By Radhika Bhirani
New Delhi : “What would you want to be when you grow up,” he asked. “Sir, I just hate maths and science”, I said. Telling this to India’s missile man and a science genius elicited a raised eyebrow, a heartwarming smile and words of encouragement from A.P.J. Abdul Kalam: “Do good in whatever you choose to do”.
His sudden death plunged me in nostalgia.
Early mornings were often eventful in school days. Especially the wait for the school bus in Asiad Village, south Delhi’s clean and green locality where Dr.Kalam stayed at a Defence Research and Development Organisation (DRDO) guest house for years before he became the president of India.
Oblivious of the attention he so rightfully commanded, Dr. Kalam would step out for a morning walk every now and then. Faint memories of him — passing a smile or two, waving a hello or just stopping by for a casual chat with school students scattered all along his walkway — rushed to my mind when the news of his death came out.
He remains a happy memory from my days as a student.
Days before he was announced as the new president of the country in 2002, the security cover around his guest house was beefed up. I remember how on our way back every afternoon, the school bus was always interrupted by the security barricade near his residence, and a group of us used to fool around by shouting “Bomb, bomb”. We stopped when the guards retorted with angry faces.
But Dr.Kalam, on his morning walks, sometimes, evening walks too, would always smile. When people describe him as the ‘people’s president’, I’m reminded how he was first a successful ‘people’s person’.
A personal meeting with Dr.Kalam as his personal volunteer during his visit to my Alma Mater, Bluebells School International here, for the launch of our Science Park, gave me a chance to present him with a bouquet of flowers, a painting, and a treasured walk and talk with him. It was one of those which remains etched in my mind — one which came alive when the news channels went into the “breaking” mode with news that he’s dead.

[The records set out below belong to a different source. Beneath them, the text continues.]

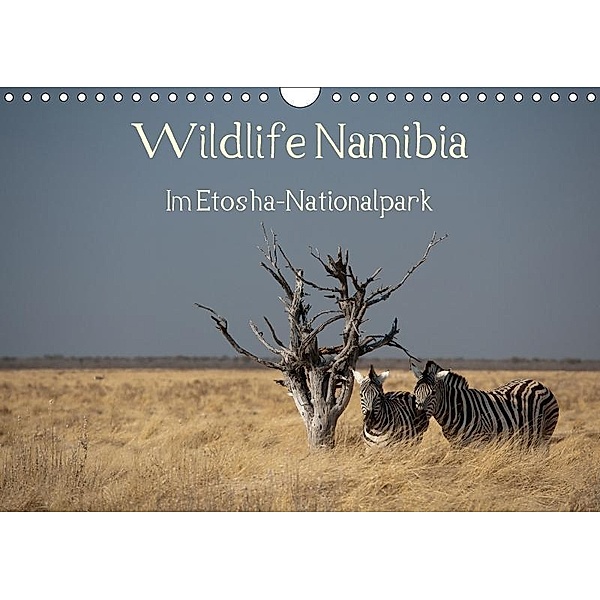 Wildlife Namibia (Wandkalender 2017 DIN A4 quer), Reinhard Müller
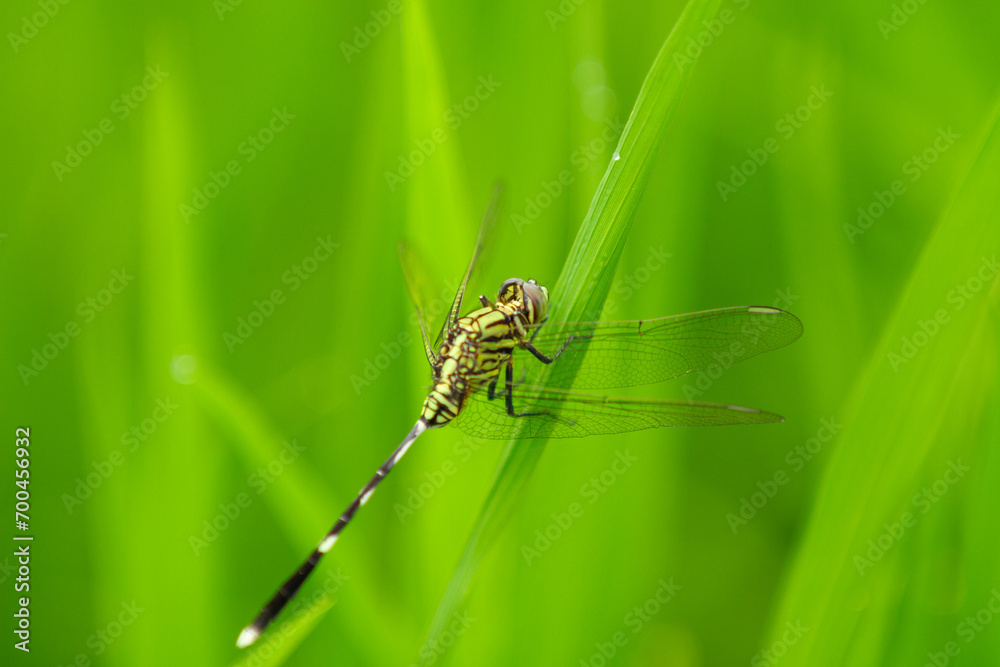 Green Dragonfly (Anisoptera) animal closeup Green Dragonfly (Anisoptera) animal closeup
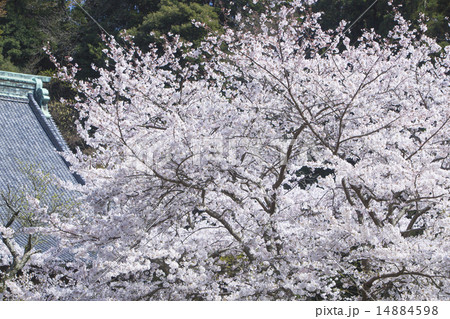 妙本寺の桜 14884598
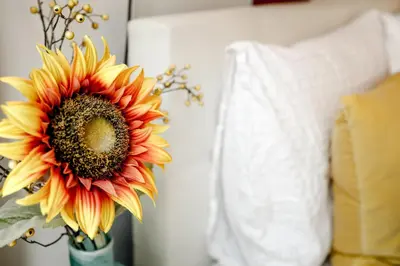 a sunflower in a vase next to a bed at Sunflower Amsterdam in Amsterdam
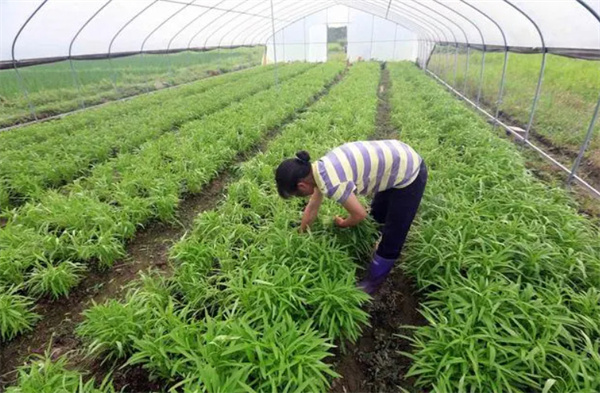 种植业加盟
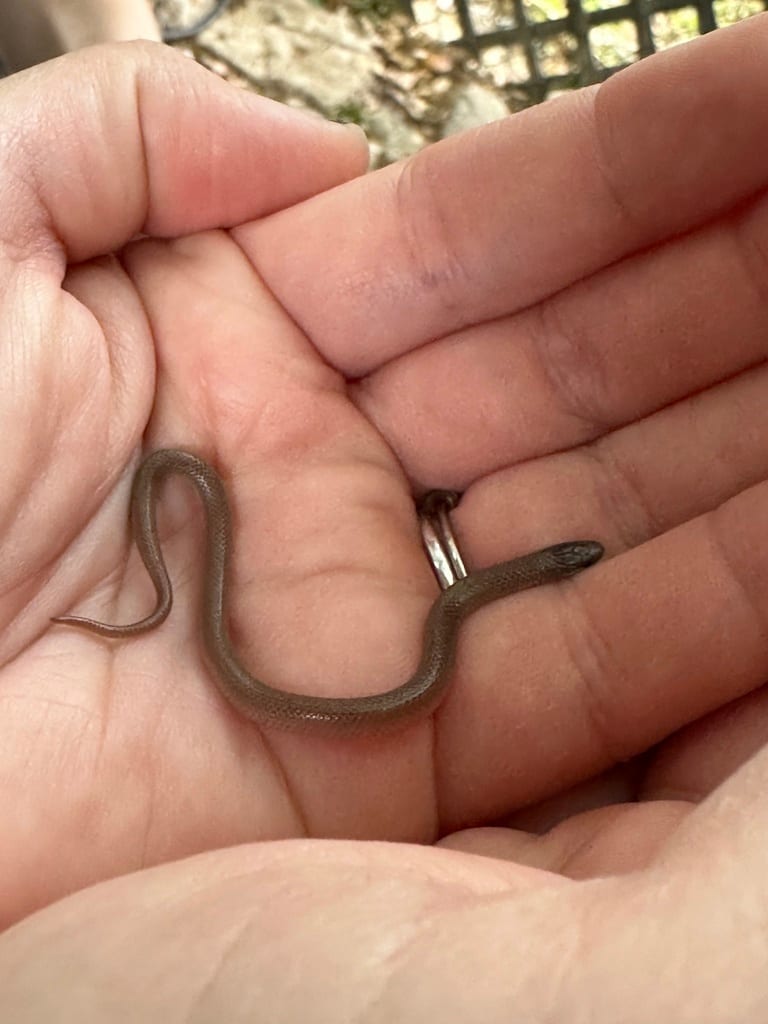 Flathead Snake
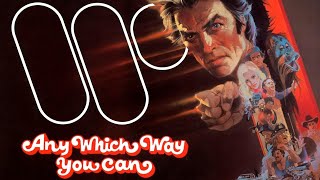 Celebrity Siskel & Ebert Review Any Which Way You Can (1980) Buddy Van Horn Net Worth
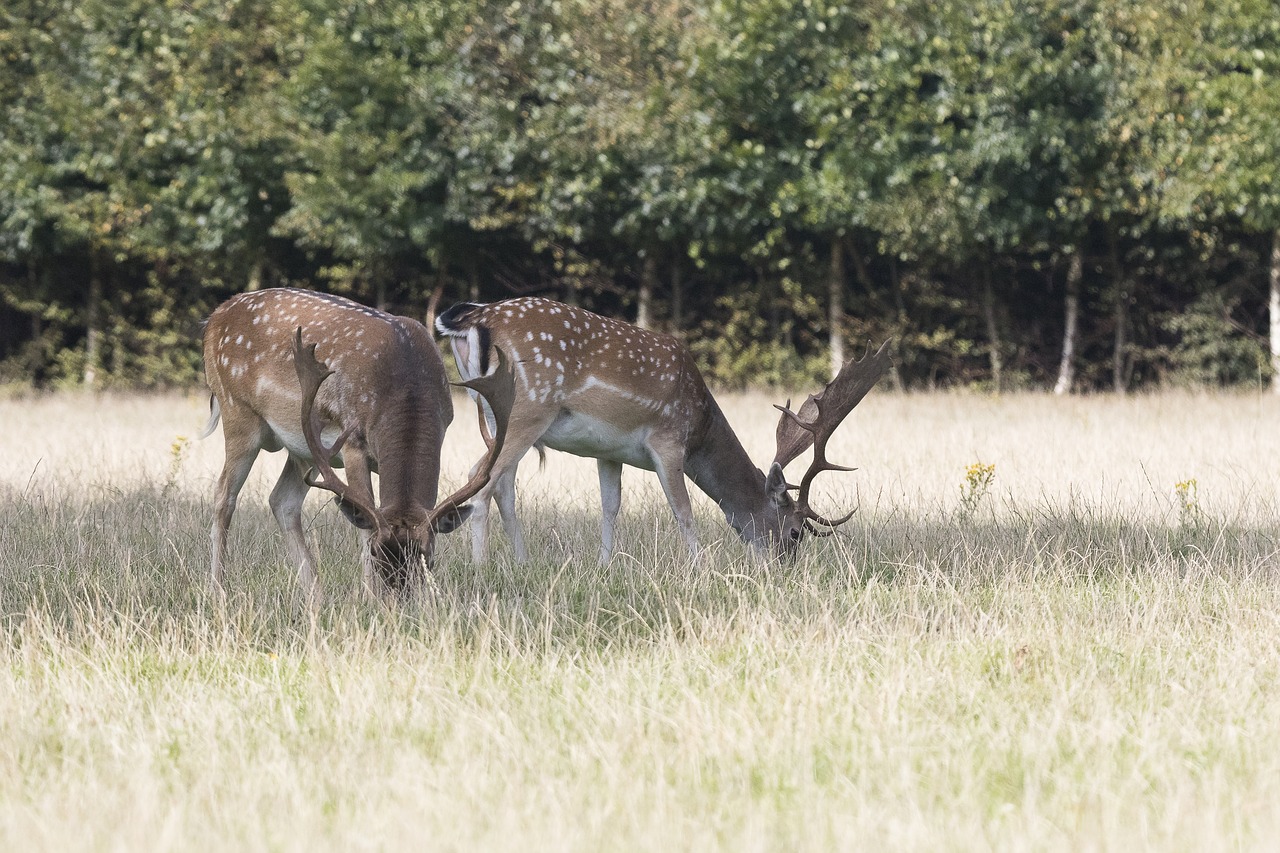 deer fallow deer antlers free photo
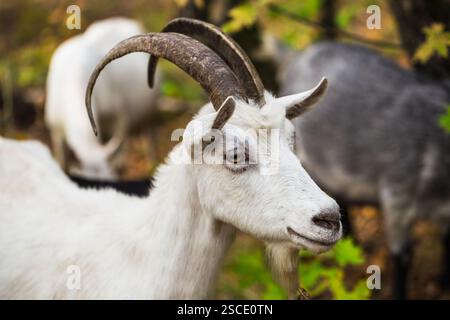 La capra bruna senza corna al prato Foto Stock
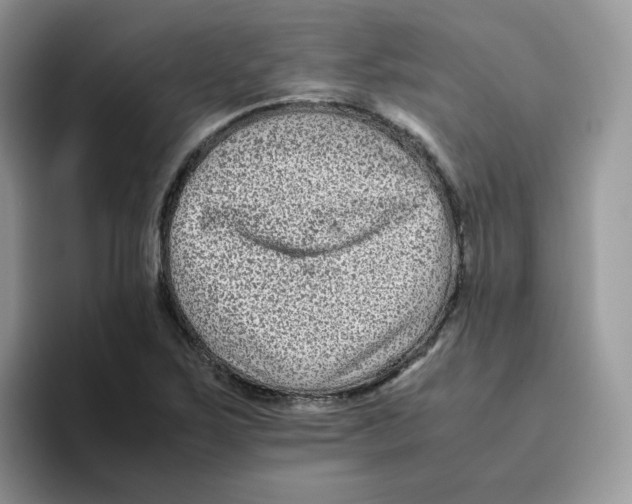 X0000093491267200711091638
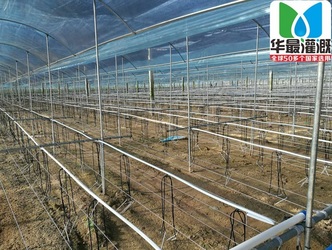 温室大棚地插滴箭应用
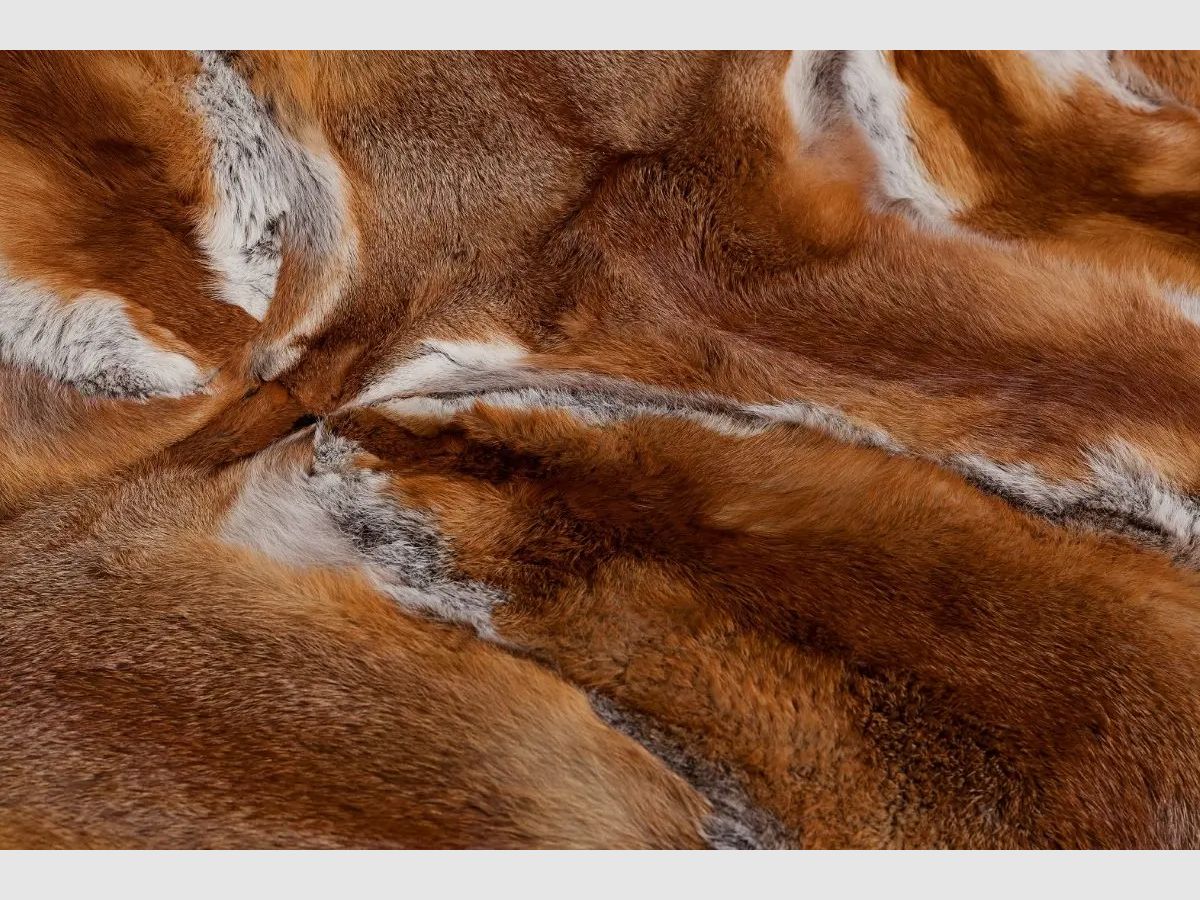 Hofstetter Rotfuchs Cavalli Decke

“What would you want to be when you grow up,” he asked. “Sir, I just hate maths and science”, I said. He could have walked away or said nothing. But what he said was a sign of a good teacher — “Do good in whatever you choose to do.”
That’s one me. Tough to imagine the number of lives he touched with his little ways throughout his lifetime.
Today, when I look back, I know — he said it because the future was always in his vision and making it brighter for the people, country and the world, his mission.
No wonder then that since the Bharat Ratna awardee’s demise, my Facebook timeline has been full of posts from neighbours at Asiad Village recollecting Dr.Kalam’s routine walks; or my former schoolmates recounting their moment of singing and dancing for or shaking hands with the man himself; or even teachers reflecting upon his inspirational aura.
From all of us, it’s fare-thee-well, Sir.